Two thoughts appeared in Ferguson’s mind after the commercial ended, the one forming so quickly after the other that they were almost simultaneous:

1) That he should stop watching baseball games on television, and 2) That his father was still hovering around the edges of his life, not yet fully effaced, still there in spite of the distance between them, and perhaps another chapter of the story still had to be written before the book could finally be closed.

* * *

UNLESS HE TOOK a crash course in ancient Greek and learned the language in a single academic year, there would be no more classes with Nagle. But Nagle was still his faculty adviser, and for reasons that had everything to do with his father, or perhaps nothing to do with his father, Ferguson continued to look to Nagle for validation and encouragement, wanting to impress the older man by doing top-quality work in his courses, by exhibiting proof of the soundness of character demanded from the participants in the Walt Whitman Scholars Program, but most of all by winning the professor’s support for the fiction he was writing, a sign that he was fulfilling the promise Nagle had seen in him after reading Eleven Moments from the Life of Gregor Flamm.

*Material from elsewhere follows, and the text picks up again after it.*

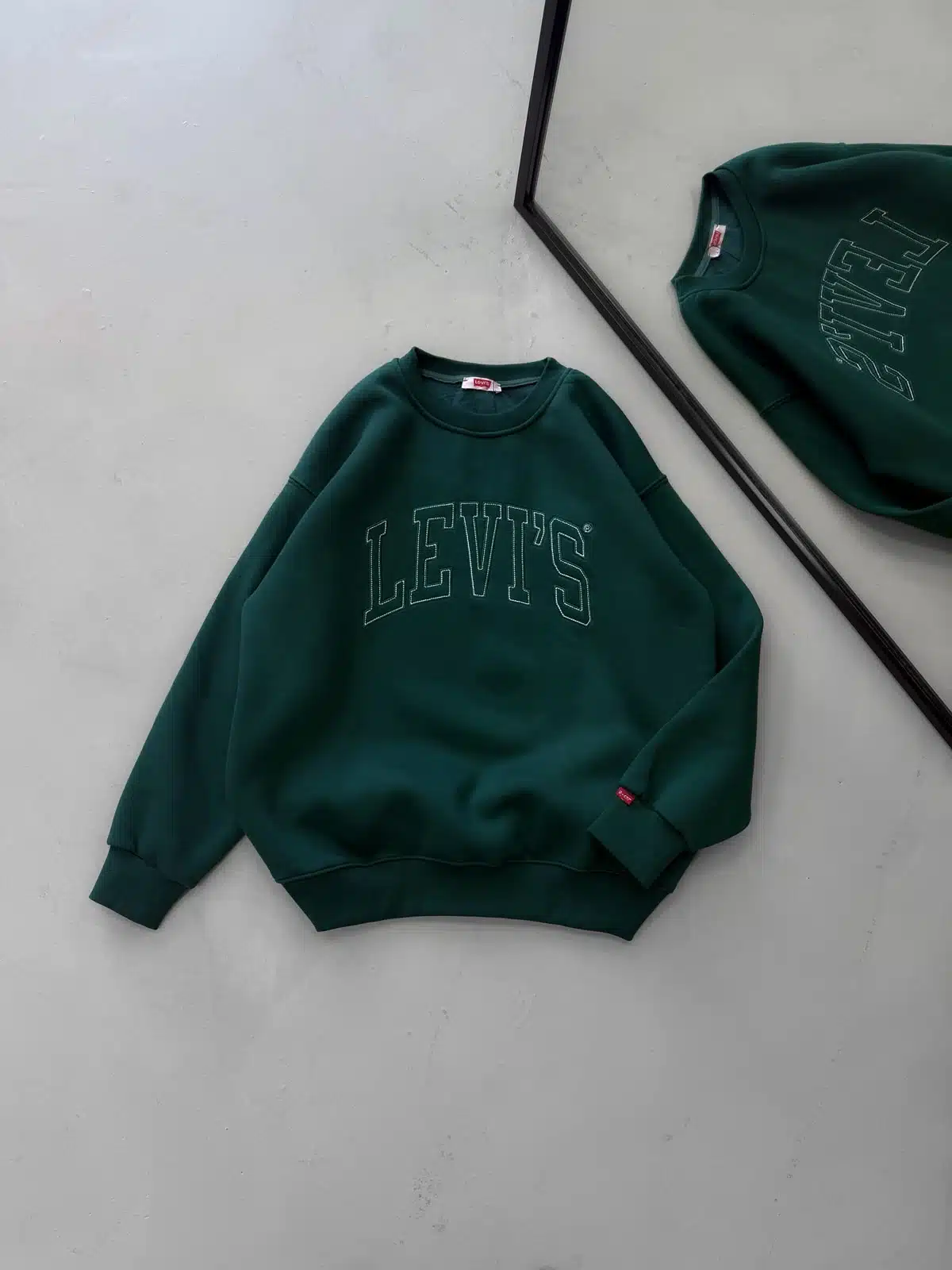 WhatsApp Image 2026-09-08 at 19.32.31 (4) LVS Göğüs Nakış Detaylı 3 İplik Oversize Sweatshirt – Yeşil - Görsel 1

At their first one-on-one conference of the fall semester, Ferguson handed Nagle a copy of the Gizmo Press edition of Mulligan’s Travels, ambivalent and fearful that he had jumped into publishing his work too soon, worried that Nagle would regard the mimeo book as the overly ambitious act of a young writer who wasn’t ready to be published, doubly worried that Nagle would read the book and find it awful, delivering another one of the punches Ferguson dreaded so much even as he longed for kisses from the people he admired, but Nagle accepted the book that first afternoon with a friendly nod and a few words of congratulations, knowing nothing about the contents, of course, but at least not condemning Ferguson for having rushed into premature publication and the inevitable regret and embarrassment that would follow from such an ill-conceived show of arrogance, and as Nagle held the book in his hands and studied the black-and-white illustration on the cover, he mentioned how good he thought the drawing was. Who’s H.S.? he asked, pointing to the abbreviated signature in the lower right-hand corner, and when Ferguson said it was Howard Small, his Princeton roommate, Nagle’s dour mien sent forth one of its unaccustomed smiles. Hard-working Howard Small, he said. Such a good student, but I had no idea he could draw so well. You boys are quite a pair, aren’t you?